The title of this post is the headline of this recent piece over at The Daily Beast. Here is how it begins:
Back in the early 1990s, William Kennedy was a power player who toed the Republican Party line and put the likes of Ed Meese, Ronald Reagan’s tough-on-crime attorney general, on the cover of his Conservative Digest magazine. Then some business deals went south and he was convicted of racketeering and money laundering and spent 17 years behind bars (his first night in Colorado’s Ed Meese Detention Center, of all places). Recently dozens of leading conservatives gathered at a private home in Virginia to welcome him back to society. Kennedy insists he was the victim of prosecutorial misconduct, but a bitter irony still overwhelms him. “I helped push the same laws that put me away all these years,” he told us in his first interview since his release in January . “I was a law-and-order conservative. What an idiot I was.”

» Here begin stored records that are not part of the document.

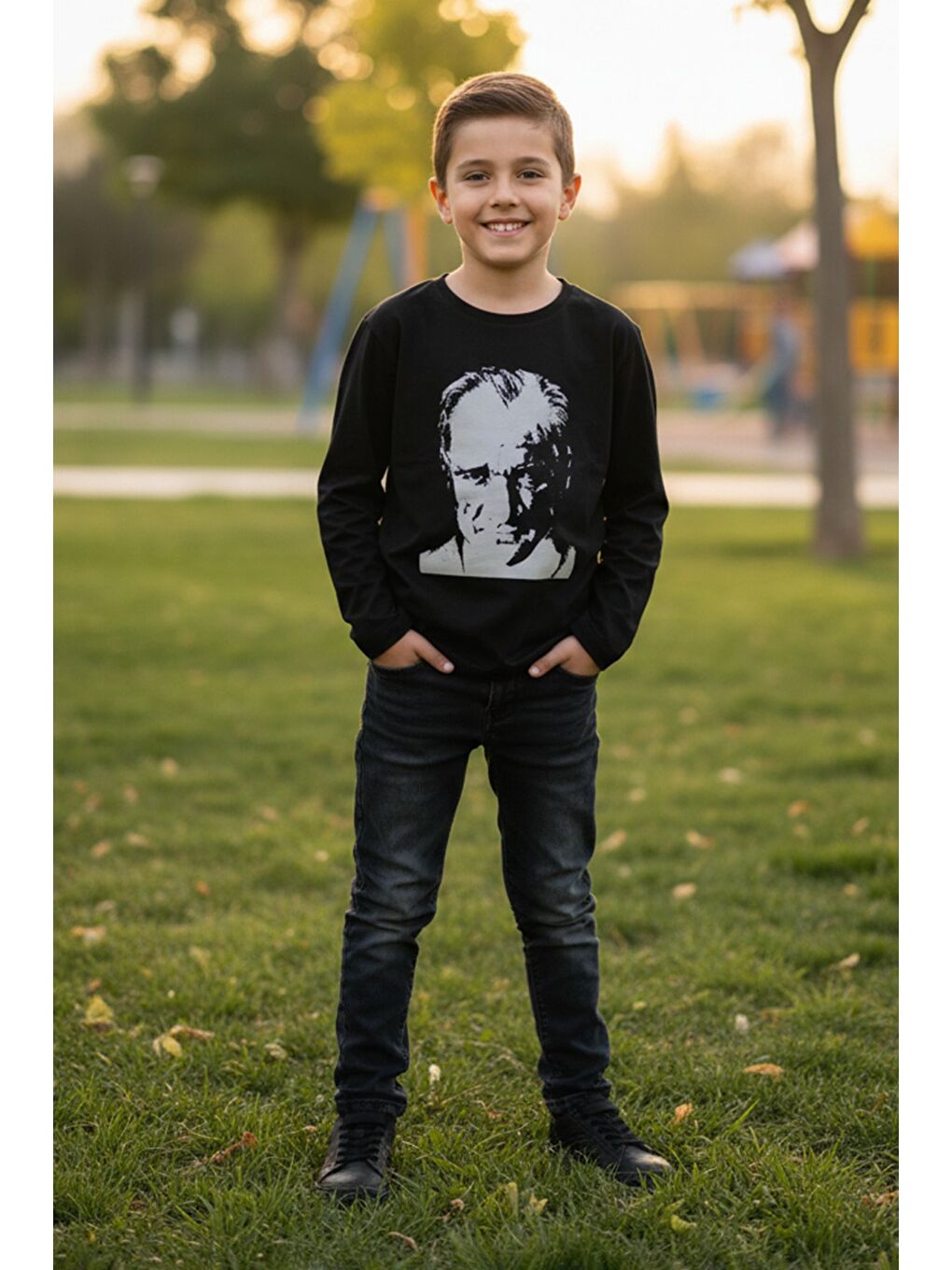 Siyah Atatürk Baskılı Uzun Kollu Unisex Çocuk Body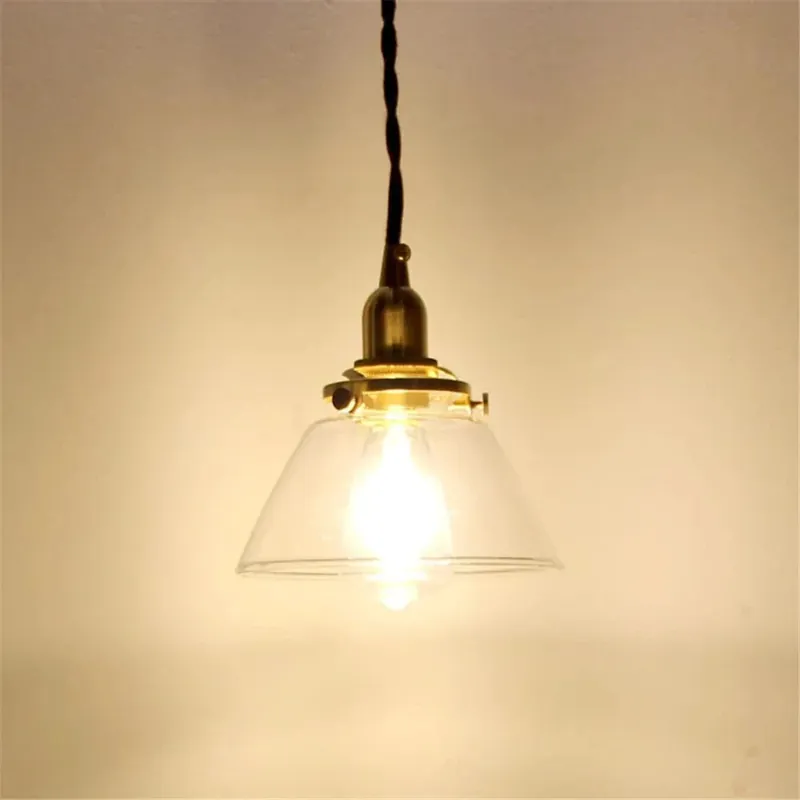 Loft Industriel LED Suspension Lumière Rétro en Laiton et Verre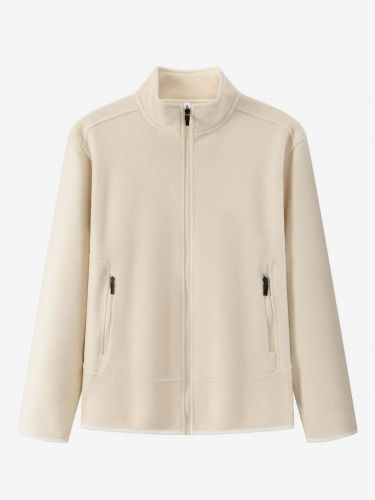 Veste Polaire Unicolore Manteau Chaud Hiver Poche À Glissière Éclaire - milanoo.com - Modalova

His is not the only transformation. The party of Nixon’s 1968 law-and-order campaign, Just Say No, and the Willie Horton ad is now seeing a growing number of leaders tackling what once would have been political suicide: reforming the country’s overwhelmed criminal justice system. While the recent Supreme Court decision to free tens of thousands of California prisoners due to overcrowding has upset conservatives (Justice Antonin Scalia dissented strongly, describing the potential release of “46,000 happy-go-lucky felons”), the magnitude of the decision makes it even harder to pretend the U.S. doesn’t have a problem. And these days many conservatives are leading the charge for a solution.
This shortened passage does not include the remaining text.